2) Ask the student to sit in as relaxed and comfortable a way as possible. At the organ this might involve hooking the feet back under the bench or even letting them rest on and mutely play some pedal keys. At the harpsichord this might involve leaning back in the chair or slumping forward a bit or sitting with one foot up on the other knee. Some of these things might have to change later on—though I have a strong bias in favor of any player’s sitting in whatever way is most natural and comfortable for that person’s physique and habits—but for the moment the only role of the whole body other than the hands is to be subjectively comfortable and to provide the student with no distraction or worry.
3) As the student begins to play, remind him or her to think about nothing other than playing lightly. In particular, this means explicitly not caring about wrong notes and, especially, not caring if some notes actually fail to sound because the student has not pushed them down hard enough. I always tell students that if, when first working on organ or harpsichord, they play so lightly that some notes don’t sound, they will discover that after a short time this is simply no longer happening. They will have discovered, subconsciously, the right actual amount of force to play the keys, without having lost the feeling of lightness and fluidity. (I have actually never known this not to happen.) Any preoccupation at the very beginning with making sure that every note sounds will almost certainly lead to the “safe” adoption of a too strong and insufficiently relaxed touch.

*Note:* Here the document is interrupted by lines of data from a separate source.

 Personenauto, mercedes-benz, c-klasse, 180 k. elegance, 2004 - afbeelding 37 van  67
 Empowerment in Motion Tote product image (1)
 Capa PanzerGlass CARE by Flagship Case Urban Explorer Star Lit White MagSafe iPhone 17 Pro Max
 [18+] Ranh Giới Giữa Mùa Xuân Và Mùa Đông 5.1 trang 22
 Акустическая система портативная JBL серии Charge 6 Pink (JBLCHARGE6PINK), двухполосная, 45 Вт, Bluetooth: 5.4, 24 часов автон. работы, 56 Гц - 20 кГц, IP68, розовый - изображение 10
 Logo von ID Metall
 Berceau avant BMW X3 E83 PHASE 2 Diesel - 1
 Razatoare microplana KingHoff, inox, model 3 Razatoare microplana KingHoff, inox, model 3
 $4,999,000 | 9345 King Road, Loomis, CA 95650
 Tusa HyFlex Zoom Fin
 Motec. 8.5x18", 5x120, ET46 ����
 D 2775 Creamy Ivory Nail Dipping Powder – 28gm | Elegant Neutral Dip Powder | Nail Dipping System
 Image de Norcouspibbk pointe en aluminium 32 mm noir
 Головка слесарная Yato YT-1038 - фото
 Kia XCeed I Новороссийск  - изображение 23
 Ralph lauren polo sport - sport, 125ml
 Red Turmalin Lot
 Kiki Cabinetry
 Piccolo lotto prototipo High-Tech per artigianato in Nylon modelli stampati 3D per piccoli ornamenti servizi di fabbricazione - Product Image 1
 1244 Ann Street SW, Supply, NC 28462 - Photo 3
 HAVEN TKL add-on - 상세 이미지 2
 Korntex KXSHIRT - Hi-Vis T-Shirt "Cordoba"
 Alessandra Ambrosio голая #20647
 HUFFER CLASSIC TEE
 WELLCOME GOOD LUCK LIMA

4) Concerning hand position, the most important thing to mention to the student at this stage is that it is a good idea to keep the hand more or less in a line with the arm along the side-to-side axis, that is, not to cock the wrist in or out to any appreciable degree. This can be made difficult by certain fingerings, so as a practical matter the student should simply skip any (already learned) passages that seem to make it necessary to turn the hand in or out more than a little bit. In the next phase—that of learning new pieces—this idea can be taken into account from scratch in making fingering choices. I don’t believe that it matters, at this stage, where the hand is at on the up-and-down axis, as long as the shoulders and arms are comfortable. Issues such as high or low wrists or the position of the elbow will fall into place naturally or can be easily dealt with later on. It can be useful to remind the student that the fingers need not be parallel to the keys. Rather, the tips of the fingers must present themselves to the keys with the rest of the hand in a physiologically comfortable position.
For many students, one session along these lines is a revelation. They immediately hear themselves making beautiful sounds, and they hear any articulations that they make as being subtle and musical, not abrupt or jarring. Of course this is just a beginning, but it is a very good one. Needless to say, pianists coming to the organ also must begin to explore the joys of pedal playing. We will turn to that subject beginning with next month’s column.